● PROVIDED DATA:
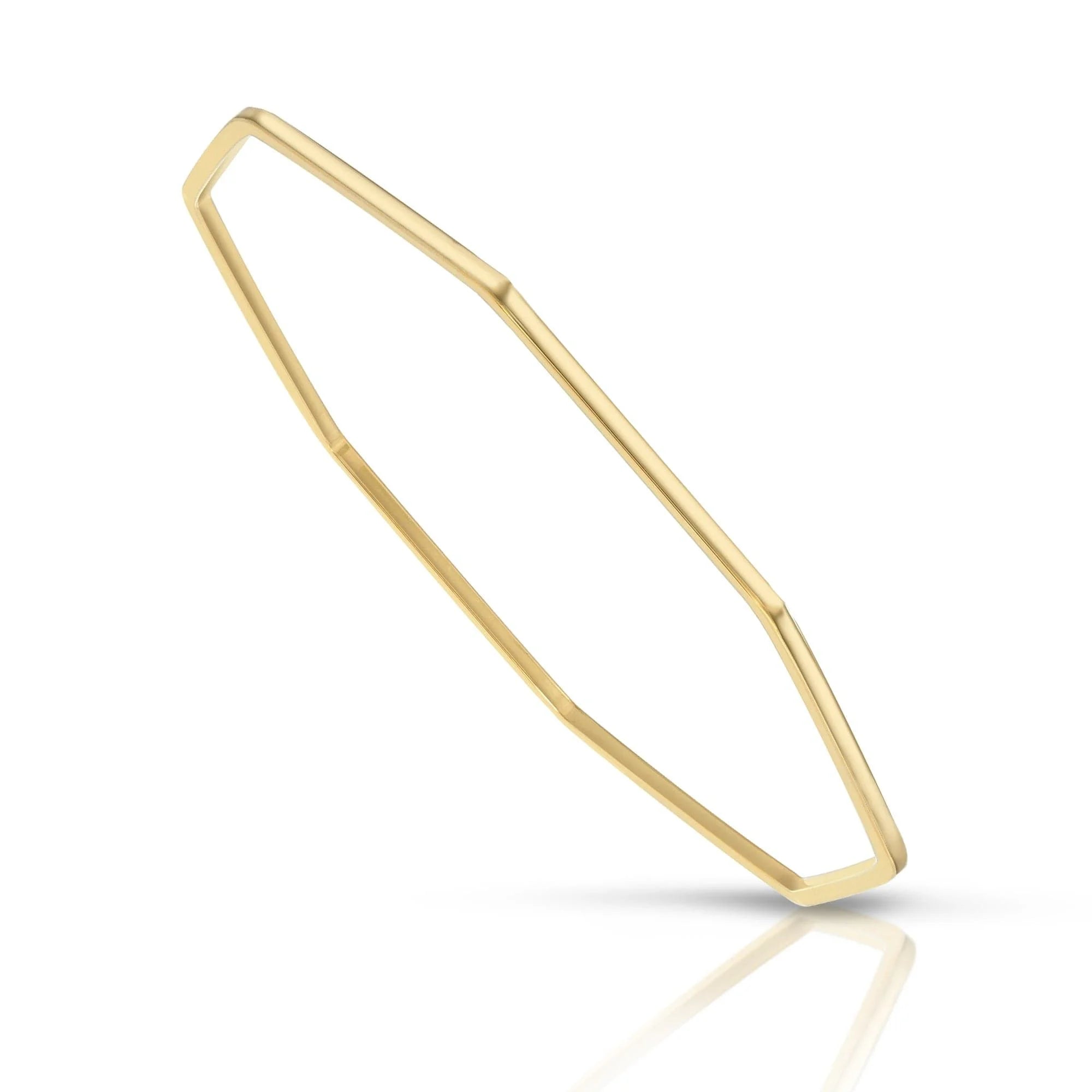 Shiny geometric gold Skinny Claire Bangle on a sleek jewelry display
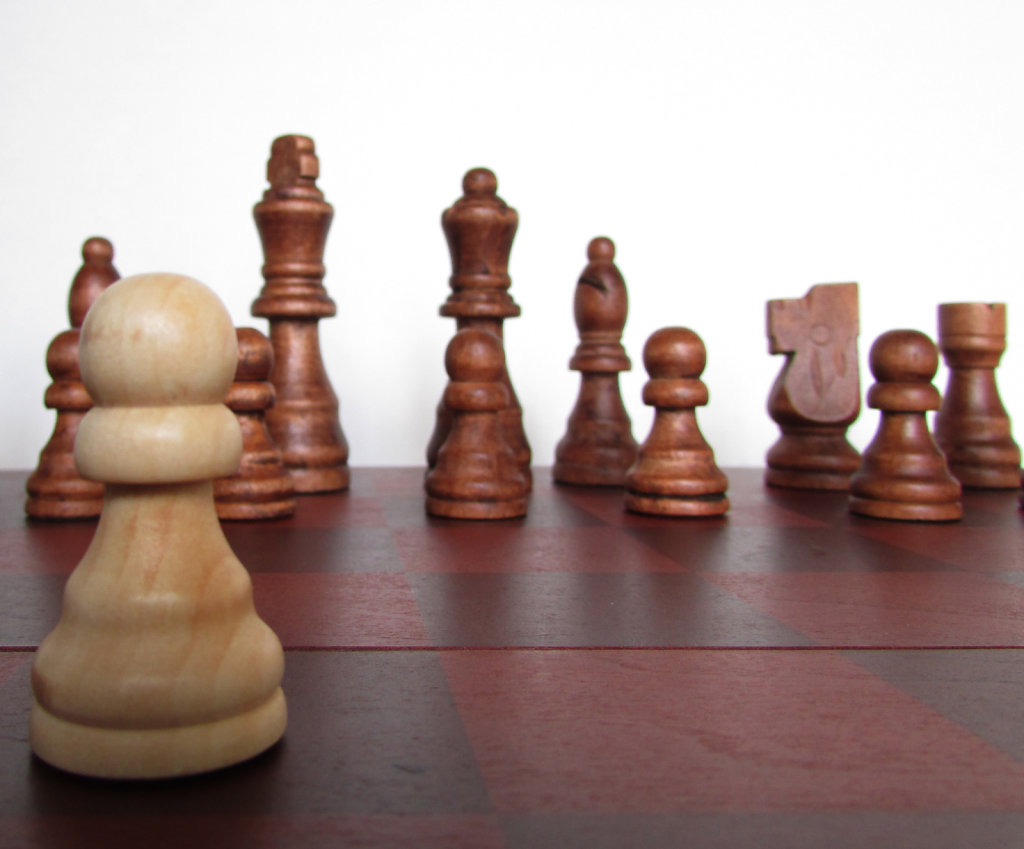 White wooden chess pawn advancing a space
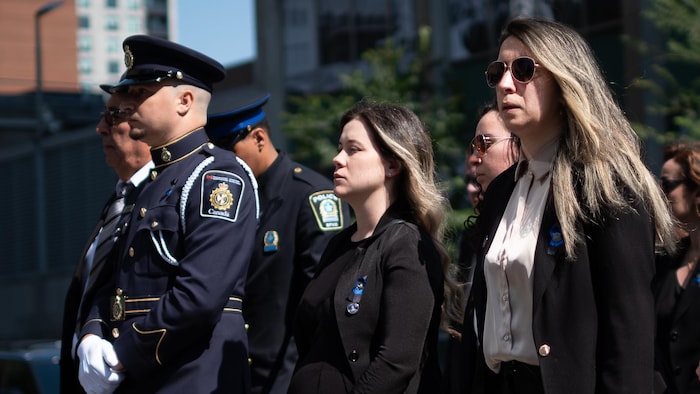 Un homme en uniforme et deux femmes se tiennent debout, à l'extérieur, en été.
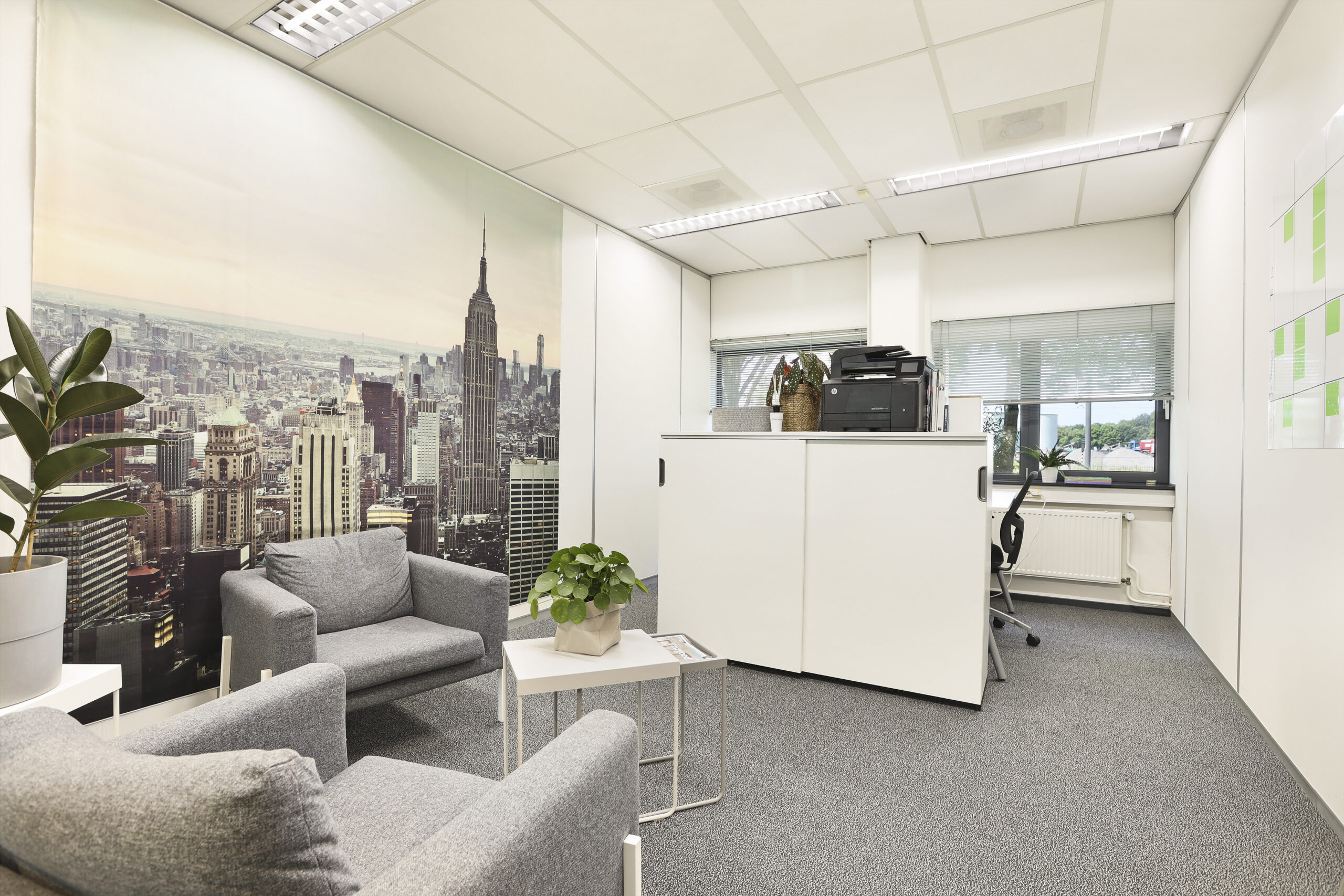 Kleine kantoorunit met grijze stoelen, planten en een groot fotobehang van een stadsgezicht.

---

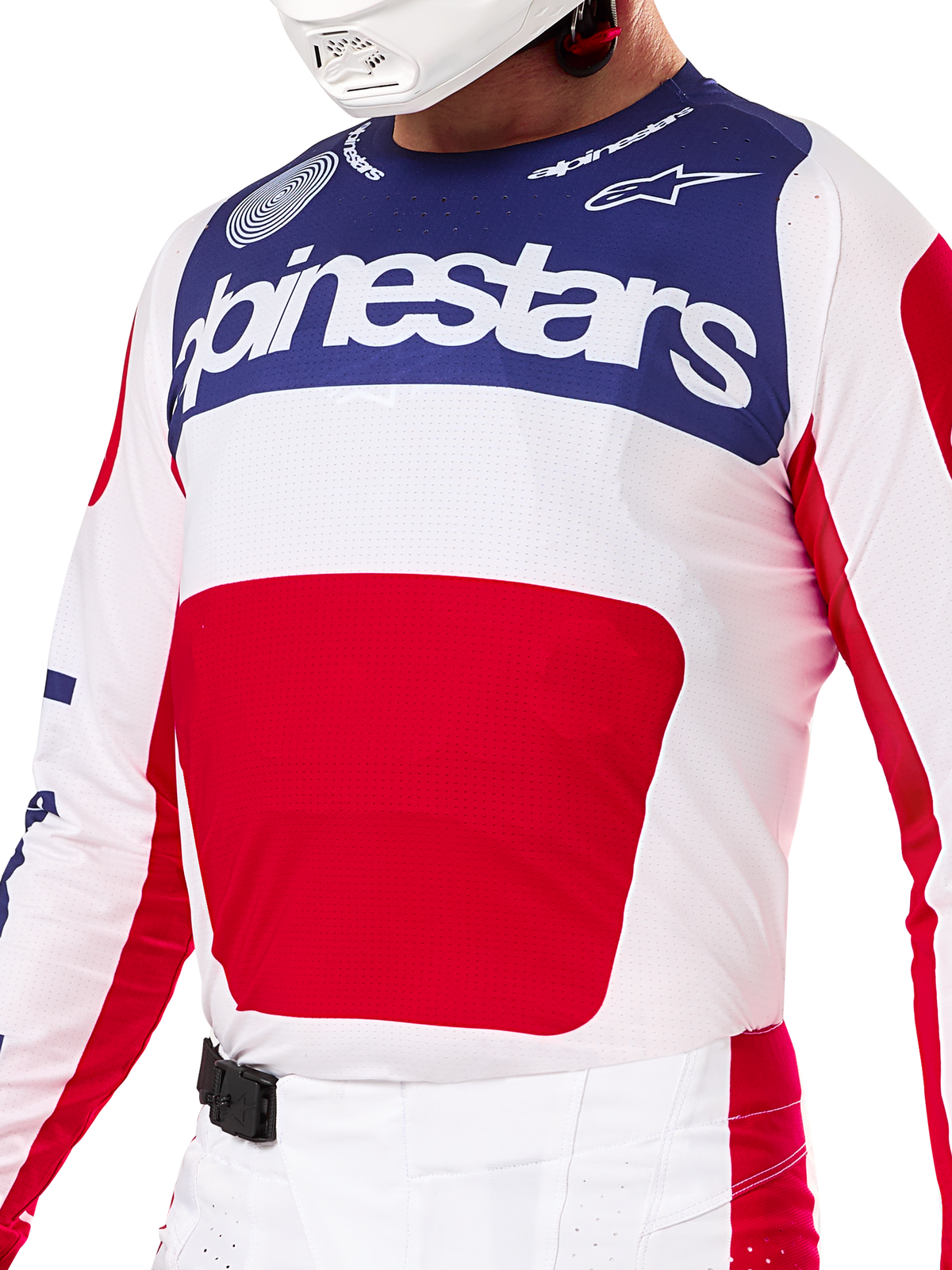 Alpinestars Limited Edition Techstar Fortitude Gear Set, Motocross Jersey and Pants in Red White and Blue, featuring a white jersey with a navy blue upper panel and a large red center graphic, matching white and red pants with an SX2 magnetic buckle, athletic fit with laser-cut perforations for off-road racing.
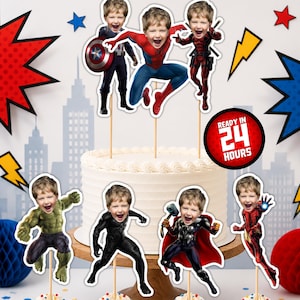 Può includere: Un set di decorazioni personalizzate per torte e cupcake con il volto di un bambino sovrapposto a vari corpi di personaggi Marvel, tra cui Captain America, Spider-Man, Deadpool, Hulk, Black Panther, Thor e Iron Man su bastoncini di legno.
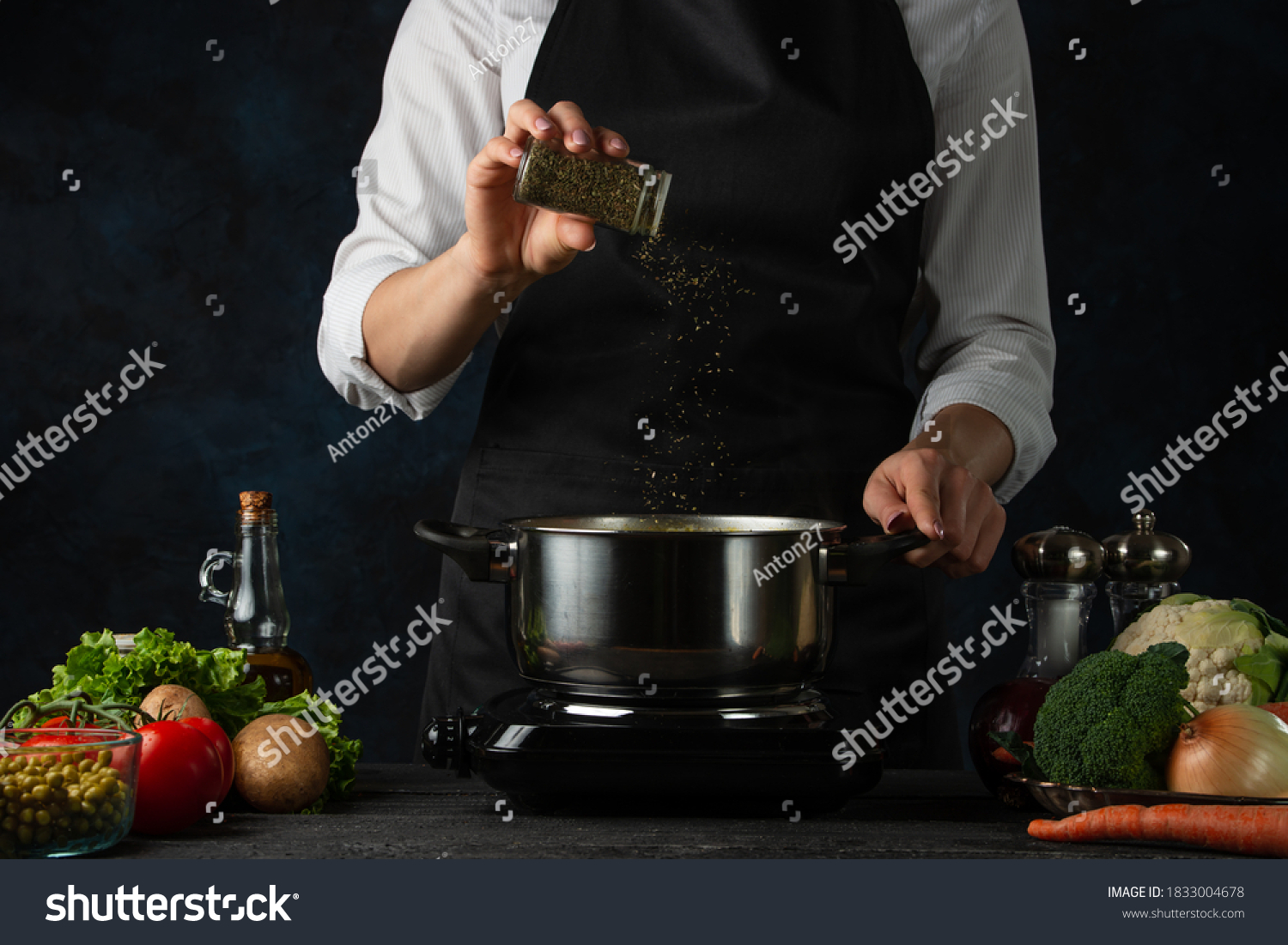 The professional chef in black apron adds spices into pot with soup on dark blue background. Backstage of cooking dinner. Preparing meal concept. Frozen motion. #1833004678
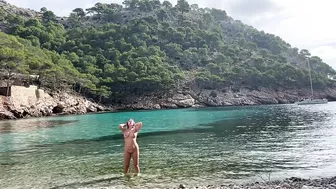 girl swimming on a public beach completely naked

● THE TASK: Give again, exactly as written above, every line from the one holding "Un homme en" to the one holding "Kleine kantoorunit met", with both ends kept and the pictures left out.

● OUTPUT FOR THIS EXERCISE:
 Un homme en uniforme et deux femmes se tiennent debout, à l'extérieur, en été.
 Kleine kantoorunit met grijze stoelen, planten en een groot fotobehang van een stadsgezicht.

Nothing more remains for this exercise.